Arsonist Lights himself on Fire in the Process
Arson must take a little more chutzpa than other crimes. There are alot of angles that could go wrong, also the universe seems to hate them with a passion. As Lee Sood found out when he tried to burn down a pub in Rugby, Warwickshire. Him and two accomplices (one playing getaway driver) went into the pub and tried to burn the place down and run out. However, they ended up lighting themselves in the process and fleeing the building with clothes aflame. Thanks to his burned skin being on the burned shirt he left at the scene he is now in jail for 4 years and his friends helped cops catch him.
"Magic Bullet" kills robber, baffles police
This maybe the same bullet that killed JFK because it pulls off some crazy shit. A man walked into a Travel Lodge in Atlanta where he proceeded to point his gun in the face of a 19 year old staff member at the cash register. The 19 year old employee hands over the money as quickly as he can but for some reason that we cannot see in the video the robber pulls the trigger and shoots the employee in the stomach. This is where everything just gets weird. In a moment of sheer nonsensical physics the bullet hits the robber in the head, killing him. Either it was the same bullet that went through the stomach of the employee or the gun fired two rounds, either way it doesn't make sense that the robber got hit right in the head. Nice one universe, nice one.

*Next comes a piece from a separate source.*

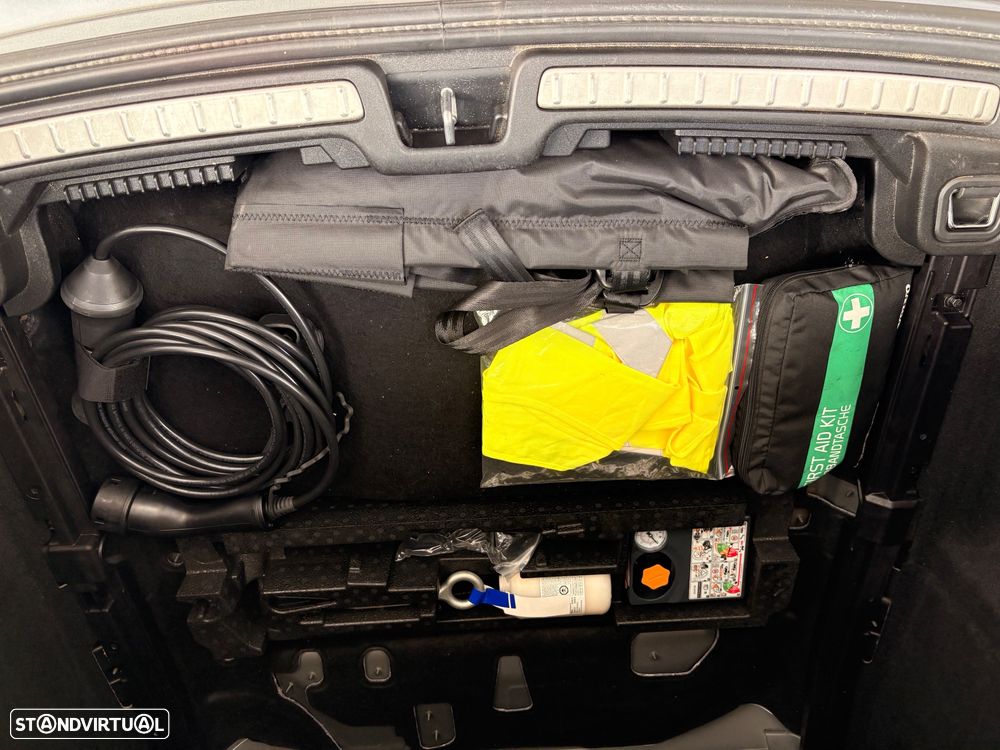 Volvo V60 - 18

Getting humiliated by the store clerk owner
A robber by the name of Corey Allen Funk tried to rob a convenience store in Modesto California. Only to find out that the super human Edward Petrossi was the owner and store clerk that night. Petrossi is an immigrant from Iran, who likes belts that happen to be black and by like we mean has been awarded 6 black belts. When all of the customers leave the store Corey Funk tries to sneak behind the cash register and take Petrossi's money. A moment later Funk is jump kicked through the glass doors and sent rolling onto the street. After a comical scuffle ensues and Petrossi is calm enough to take a perfect photo of the thief's license plate, he even zoomed in, and if he had a better phone it would probably be Instagrammed. Funk was arrested for a string of robberies that was now ended by the Mr. Petrossi.